YOKSULLUK NAFAKASI NASIL SONA ERER?
Nafaka alacaklısı eşin ölmesi veya evlenmesiyle söz konusu nafaka kendiliğinden sona erer. Yoksulluğun ortadan kalkması, nafaka alacaklısının arada evlenme olmadan evliymiş gibi bir hayat sürdürmesi veya haysiyetsiz hayat sürdürüyor olması gibi durumlarda mahkemenin kararıyla kaldırılabilir. Ayrıca tarafların malî durumlarının değişmesi veya hakkaniyetin gerektirdiği hâllerde nafaka miktarının artırılması veya azaltılmasına hakim tarafından karar verilebilir. Uygulamada, nafaka yükümlüsü eşin nafaka hükmünün ortadan kalkması için mutlaka dava açması gerekmektedir.
İŞTİRAK NAFAKASI
Boşanma davasında verilen boşanma kararı ile, müşterek çocuğun bakımı, eğitimi vb. diğer giderleri için, velayet kendisine bırakılmayan eş tarafından diğer eşe ödenen nafakadır. Söz konusu nafakaya talep üzerine veya herhangi bir talep olmaksızın re’sen hakim tarafından hükmedilebilir. Burada önemli olan müşterek çocuğun bakımı ve giderleri olduğu için eşlerin boşanmaya konu olayda kusurlarının oranı önem arz etmez. Mahkeme tarafından daha önce tedbir nafakasına hükmedilmişse, boşanmanın veya ayrılık kararının kesinleşmesiyle birlikte bunun iştirak nafakası şeklinde ödenmesine karar verilir.
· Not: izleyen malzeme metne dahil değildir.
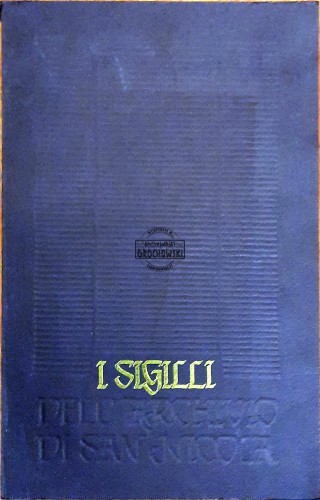 620896 I sigilli dell'archivio di San Nicola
İştirak nafakası kural olarak çocuğun 18 yaşını doldurmasına, evlenmesine veya mahkeme kararı ile ergin kılınmasıyla sona erer. Ancak çocuk ergin olmasına rağmen, eğitimine devam ediyorsa, eğitim hayatı süresince de ödenmesine devam edilir.
KİMLER TALEP EDEBİLİR? Türk Medeni Kanunu’nun 329. Maddesi; “Küçüğe fiilen bakan ana veya baba, diğerine karşı çocuk adına nafaka davası açabilir. Ayırt etme gücüne sahip olmayan küçük için gereken hâllerde nafaka davası, atanacak kayyım veya vasi tarafından da açılabilir. Ayırt etme gücüne sahip olan küçük de nafaka davası açabilir.”
YARDIM NAFAKASI
TMK m.364’e göre, Yardım nafakası, yoksulluğa düşecek alt soy, üst soy ve kardeşlere talep halinde verilen nafaka türüdür. Dava tarihinden itibaren bağlanır. İhtiyaç sahibi aile fertlerini koruma amacıyla düzenlenen bu nafakayla, ekonomik durumu el veren aile ferdinden, bakım ve diğer ihtiyaçlarını karşılamak amacıyla istenir. Mirastaki sıra cetveline göre talep edilen bu nafakada, örneğin nafaka isteyen, alt soydan nafaka talep etme hakkına sahipken, kardeşlerine bu talebi yöneltemez. Altsoyu söz konusu değilse kardeşlerine başvurabilir.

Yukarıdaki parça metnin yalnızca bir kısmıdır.